Gene Therapy and CRISPR
Gene therapy and CRISPR sit at the intersection of molecular biology and medicine, and the MCAT tests them primarily through passage-based questions about experimental design and predicted outcomes. The most commonly confused distinction: knockout, knockdown, and knock-in are not synonyms. Knockout is permanent disruption at the DNA level; knockdown is transient reduction at the RNA level that reverses when the interfering RNA degrades; knock-in is sequence insertion. Confusing these will send you down the wrong path on multi-question passage sets.

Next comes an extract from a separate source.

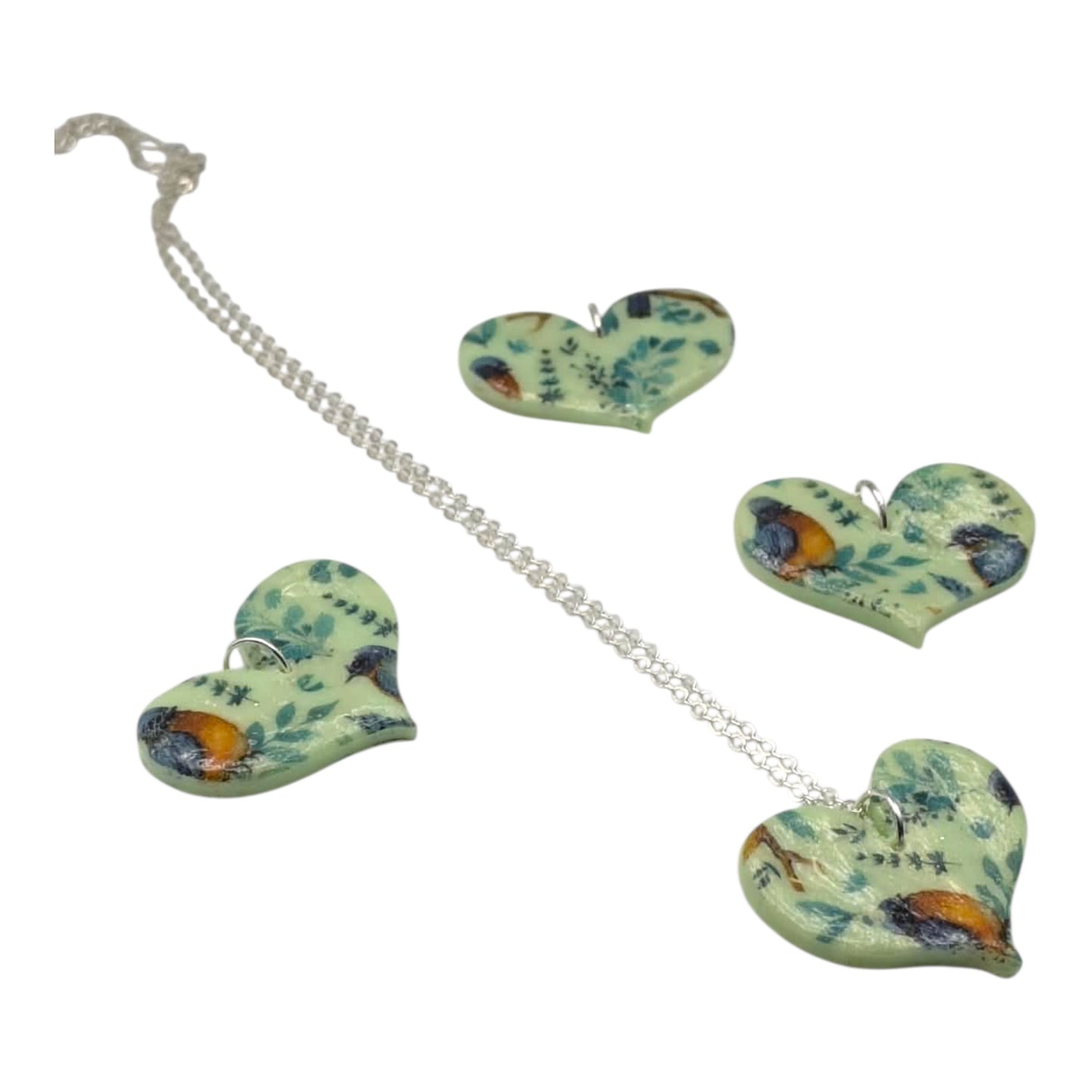 Heart pendants with birds on a white background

What makes this topic tricky is that several terms sound interchangeable but are mechanistically distinct. Knockout, knockdown, and knock-in each operate at different molecular levels and have different permanence — conflating them will cost you on experimental interpretation questions. Similarly, CRISPR specificity confuses a lot of students because Cas9 is the flashy enzyme that does the cutting, so students assume it's also doing the targeting. It's not. The guide RNA does that job, and the MCAT will absolutely probe whether you understand that distinction.
This is a low-yield topic overall, but when it appears, it tends to show up in research-design passages where one wrong assumption about mechanism sends you down the wrong path for multiple questions. Nail the conceptual differences between the approaches and you'll handle whatever the exam throws at you.
Common misconceptions
What the exam tests
- Know the major viral vector types used in gene therapy — retroviruses, adenoviruses, and lentiviruses — and understand key differences like genome integration vs. episomal expression and the ability to transduce dividing vs. non-dividing cells.

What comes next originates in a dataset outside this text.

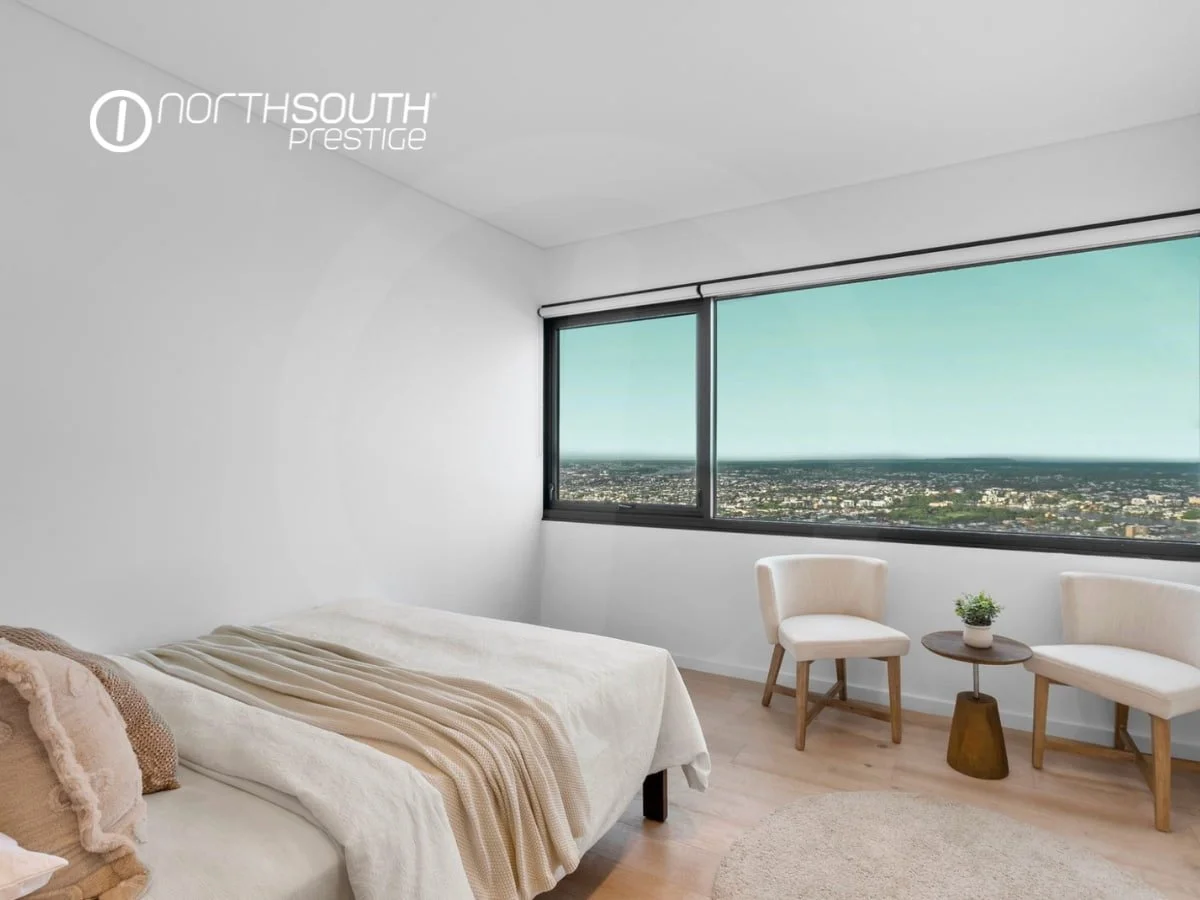 Second bedroom with a reading area and Brisbane views - properties for sale Riparian Plaza apartment 4903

- Understand the CRISPR-Cas9 mechanism at a mechanistic level: the guide RNA base-pairs with the target DNA sequence, and only then does Cas9 make a double-strand break — specificity comes from the gRNA, not the protein itself.
- Be able to distinguish gene knockout (permanent disruption at the DNA level), gene knockdown (transient reduction at the RNA level via siRNA or similar), and knock-in (insertion of a new sequence) based on their mechanisms and expected experimental outcomes.
- Given a passage describing a gene therapy experiment or clinical application, identify whether the approach is somatic or germline, predict likely outcomes or limitations, and evaluate the appropriateness of the delivery strategy for the target tissue.
Can you avoid these mistakes?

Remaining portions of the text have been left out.